L’ego-altruisme, d’abord : une culture qui réconcilie le « nous » des communistes et le « je » des libéraux. L’humanisme, ensuite : un retour bienvenu au récit à « hauteur d’homme », où chacun ne serait pas simplement le jouet de la Grande Histoire, ce qui serait désolant, dessinant les contours du nouvel « humanisme numérique » prôné par le philosophe Milad Doueihi. L’humour, enfin. Une capacité naturelle à entreprendre des choses sérieuses (faire tomber une dictature ou mettre en ligne les plans d’une moissonneuse-batteuse) sans se prendre au sérieux, là où le second degré et l’insolence étaient totalement étrangers à la révolution 1.0.

Osons un sacrilège : la révolution va triompher parce qu’elle sera – elle est déjà – une révolution apolitique. Elle change le monde tranquillement, sans tambour ni trompette, sans excommunications, et sans Grand Soir. Elle obtient des résultats, ne se contente pas de pureté idéologique ni d’incantations. Elle a commencé dans des bureaux d’université occupés par des informaticiens barbus, elle finira dans l’école de nos enfants, dans les rues de nos villes, dans les contrées les plus reculées du monde. La révolution hacker va dessiner une nouvelle civilisation, où tout sera réinventé : l’argent, le pouvoir, l’instruction, la propriété, les frontières, l’identité, la famille… Elle ne fera pas de morts parce qu’elle ne sera pas décrétée d’en haut par un Politburo. C’est cette histoire que nous avons voulu partager avec vous dans les pages qui précèdent. Et qu’Usbek & Rica continuera à raconter dans les prochains épisodes.

Choisis ton camp, ami !

Bien sûr, veillons à ne pas sombrer dans la technophilie béate. L’ère numérique ne recèle pas que des bienfaits.
Il ne faut pas confondre les outils et les buts. Les terroristes islamistes sont des sortes de hackers aux visées macabres. Techniquement, ce sont des contemporains ; politiquement, ce sont des fascistes. Cette civilisation émergente n’affleure pas partout. Quoique mondiale, elle passe encore au-dessus du quart-monde, mais aussi du tiers-monde. Des pauvres d’ici et des pauvres de là-bas, ceux qui n’ont pas les codes pour en goûter les fruits.
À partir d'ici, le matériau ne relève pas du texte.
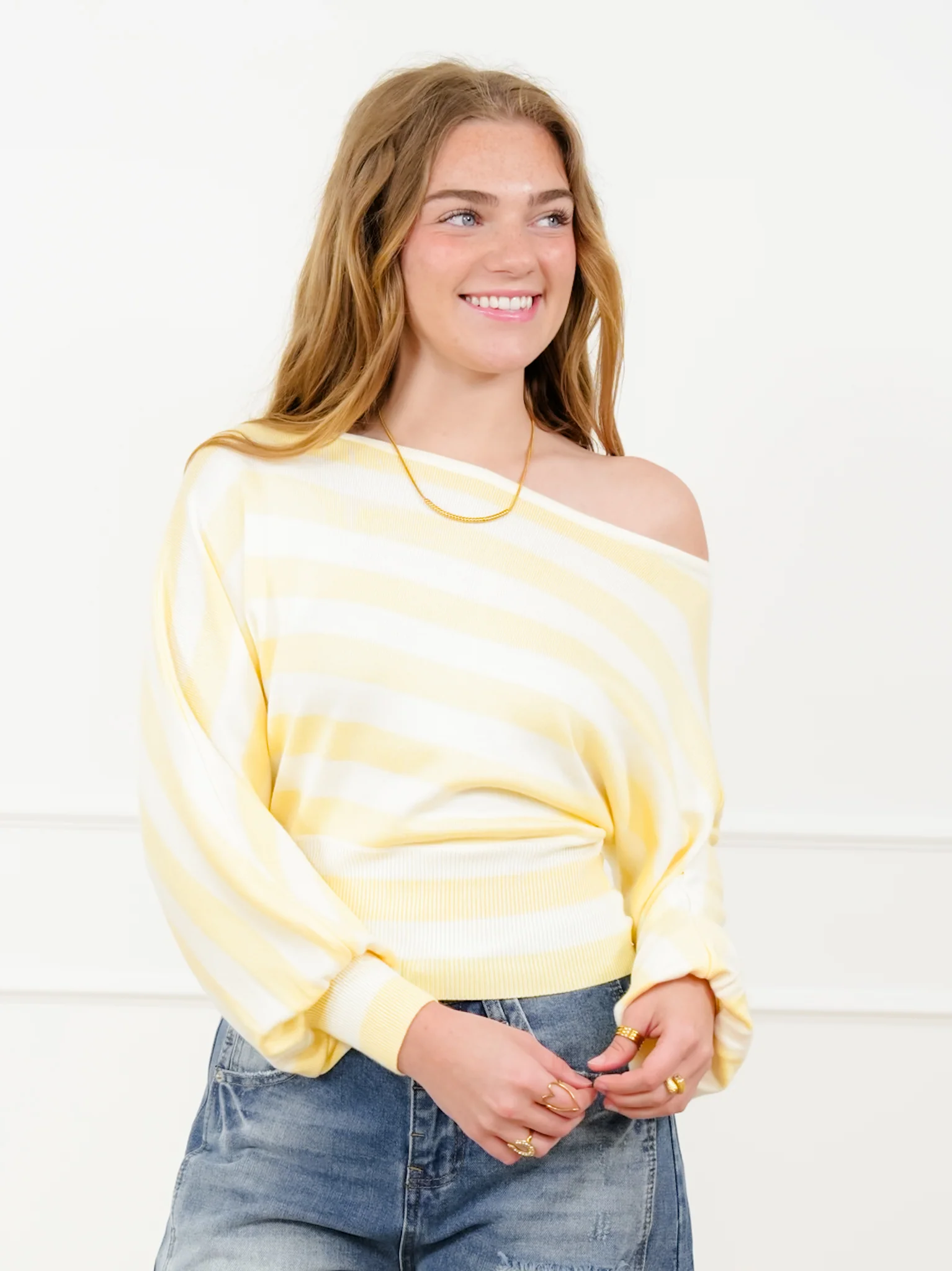 Stripe Long Sleeve Boat Neck Sweater - Image 3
Les marxistes avant nous pensaient que la chute du capitalisme était inéluctable. La civilisation du partage a des ennemis : les dictatures, et, chez nous, en vrac, la raison d’État, Acta, Hadopi, les fournisseurs d’accès à Internet qui veulent continuer à s’enrichir et rêvent d’un réseau truffé de péages comme une autoroute.
La nouvelle bataille oppose non plus les révolutionnaires aux bourgeois, mais les altruistes aux égoïstes. Jeremy Rifkin :

« Il semble qu’un nouvel état d’esprit émerge chez les responsables politiques des jeunes générations socialisées sur Internet. Leur politique se structure moins en termes de “droite” et de “gauche” qu’autour d’un nouveau clivage : “centralisé et autoritaire” contre “distribué et coopératif” »

Rifkin n’est pas la Bible, mais, enfin, il a parfois de bonnes intuitions. En ce qui nous concerne, nous avons choisi notre camp. Nous ne jetterons pas l’anathème sur les ennemis de la révolution, nous ne les enverrons pas en camp de rééducation idéologique. Mieux : chacun sera le bienvenu dans la grande aventure de la civilisation du partage, même les capitalistes. Les autres, nous les combattrons.